Although guidelines explicitly state that local epidemiology and resistance patterns should be used to tailor recommendations for empiric therapy for local use, this is difficult to translate into actual practice for several reasons. First, it is easier to learn and teach about the ORs of risk factors than it is to obtain local data and understand local risk. Second, physicians appreciate recommendations that are certain and resolute, and local risks can change and lead to recommendations requiring updating. For example, the admission prevalence of MRSA among ICU patients at Johns Hopkins is much lower (3%) than is reported in the literature. In addition, the hospital-onset proportion of MRSA infection risk in their ICUs has most certainly declined over the years to its current near-zero level with high-compliance hand hygiene, active screening leading to rapid contact precautions, and the introduction of daily chlorhexidine bathing. Third, the application of local data into local policies and practices requires a robust investment in antibiotic stewardship programs, which are still in their relative infancy in most places. Nevertheless, the great impact that local risk can and should have on empiric therapy emphasizes the critical value of effective antibiotic stewardship programs to monitor, modify and enforce local recommendations for empiric and pathogen-directed antibiotic therapy.

In the setting of local data demonstrating a low prevalence of MRSA and a very low rate of MRSA infection in the ICU, it is perhaps not surprising that a negative MRSA nares culture has such a high negative predictive value (both among all ICU patients with a negative test, as well as among those treated with empiric vancomycin). However, given its notable positive and negative predictive values of 32%, the swab provides physicians with a highly discriminatory test that can and should drive empiric prescribing behavior when infection is suspected. MRSA carriage appears to be the solo risk factor that has such a high discriminatory value when the rate of MRSA infection is very low despite the sizable presence of other well-described risk factors. If used to guide empiric therapy, Chotiprasitsakul and colleagues found that it could prevent 600 days of unnecessary vancomycin use per ICU per year.
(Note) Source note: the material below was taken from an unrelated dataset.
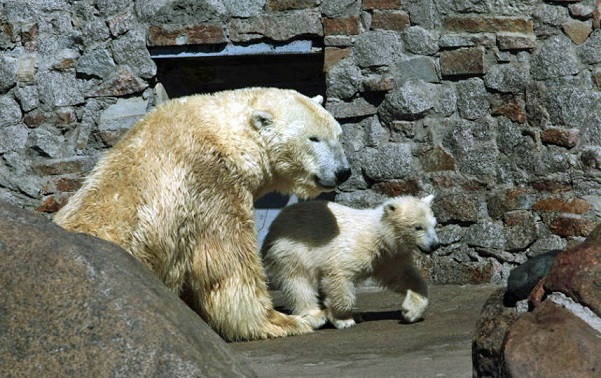 ロシア・サンクトペテルブルク、レニングラード動物園のウスラーダの16頭目の赤ちゃんが遂に戸外へ！_a0151913_20225049.jpg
In summary, Chotiprasitsakul and colleagues provide an important window into several aspects of antibiotic stewardship. This important manuscript reminds us of 1) the need for physicians and antibiotic stewardship programs to act upon absolute risk, not just risk factors, when establishing protocols and prescribing empiric antibiotics at each and every hospital; 2) the importance of a robust antibiotic stewardship program to assess and address local risk as an imperative to empowering clinicians with the best available data to drive appropriate prescribing; and 3) the value that knowledge of MRSA carriage provides, based upon a nasal swab, as a potent predictor and discriminator for empiric vancomycin, even in a critically ill patient population.

Disclosure: Huang conducts clinical trials and studies in which participating hospitals and nursing homes receive contributed antiseptic products from Sage Products/Stryker, Molnlycke, 3M, Clorox, Xttrium and Medline.